14. An immunoassay according to any of claims 11 to 13, wherein the immunoassay is a single step assay, i.e. an immunoassay in which no separation or washing is necessary and which can preferably be run after a single biochemical handling.

15. An immunoassay according to any of claims 11 to 14, wherein the immunoassay detection technology is based on time-resolved Förster resonance energy transfer or electrochemiluminescence.

16. An immunoassay according to claim 15, wherein the immunoassay detection technology is time-resolved Förster resonance energy transfer

17. An immunoassay according to claim 15, which comprises the following steps

a) contacting the biological sample with a first antibody labeled with: a lanthanoide ion cryptate (such as europium or terbium cryptate) and a second antibody labeled with a fluorophore suited for detecting the lanthanide emitted signal, where one of the antibodies is specific for the polyQ part of the mutant protein and the other antibody is specific for a different part of the mutant huntingtin protein and

b) quantifying the amount of mutant PolyQ protein in the sample by measuring the fluorescence from the fluorophore by time-resolved Förster Resonance Energy Transfer.

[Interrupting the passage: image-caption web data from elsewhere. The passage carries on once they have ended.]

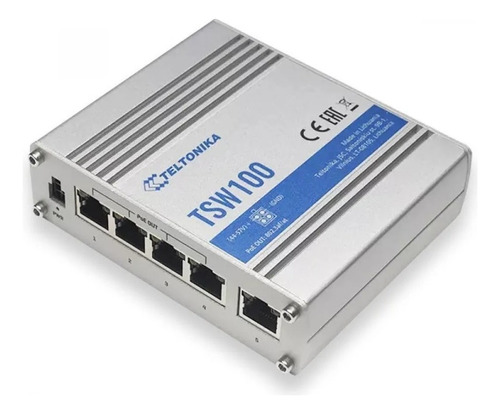 Teltonika Tsw100, Switch Industrial Poe 5 Puertos Gigabit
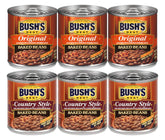 Bush's Best variety pack front packaging showing both Original and Country Style cans for convenience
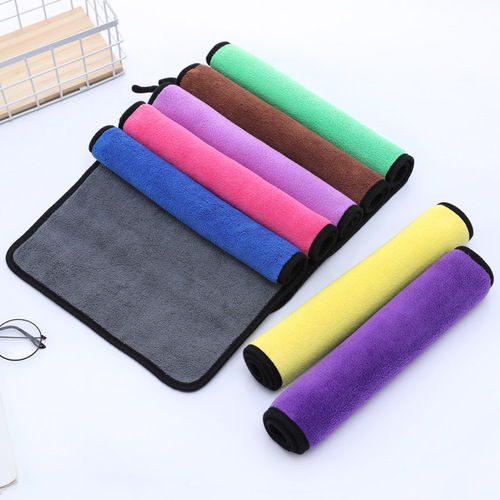 Pet Towel, Coral Fleece Double-Sided Pet Towel, Can Add Logo, Thickened Quick-Drying Dog and Cat Bath Towel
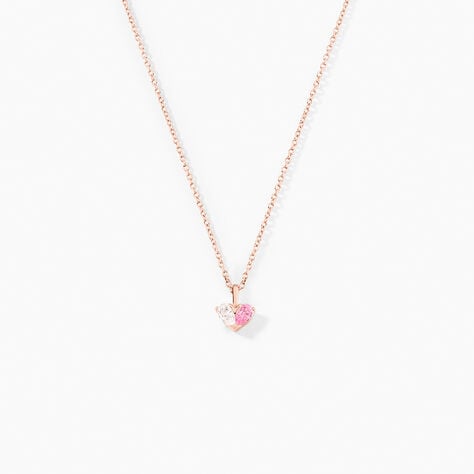 Collier Myhalf Argent Rose Oxyde De Zirconium - Colliers fantaisie Femme | Histoire d’Or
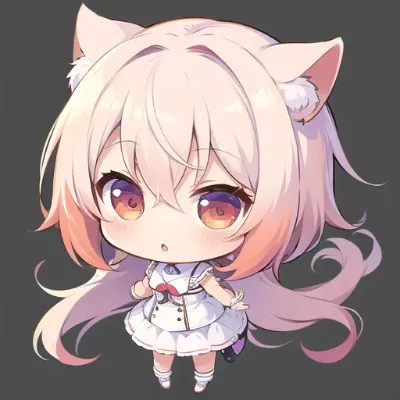 ふわふわ猫耳の小さな少女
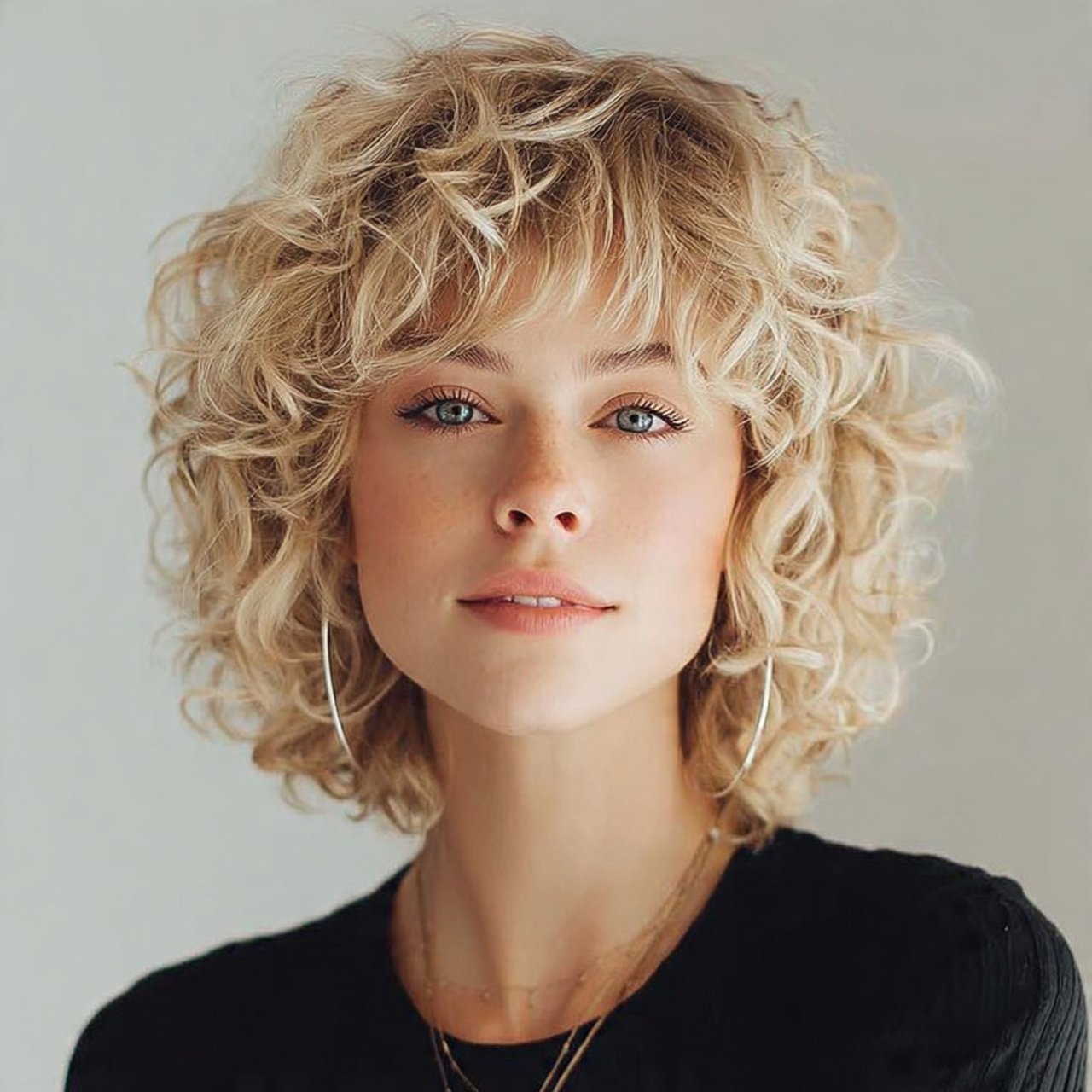 curly hairstyles for short hair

18. An immunoassay according to claim 17, wherein in addition the (relative) amount of the corresponding wild-type protein in the sample is measured in the biological sample by additionally contacting it with a third antibody specific for the wild-type form of the protein and labeled with a different fluorophore suited for detecting the lanthanide emitted signal.

19. An immunoassay according to any of the previous claims, wherein the polyQ-protein is polyQ-huntingtin.

20. An immunoassay according to any of the preceding claims, wherein the biological sample is derived from the brain, from blood, from muscle or heart or derived from peripheral tissue such as skin or hair.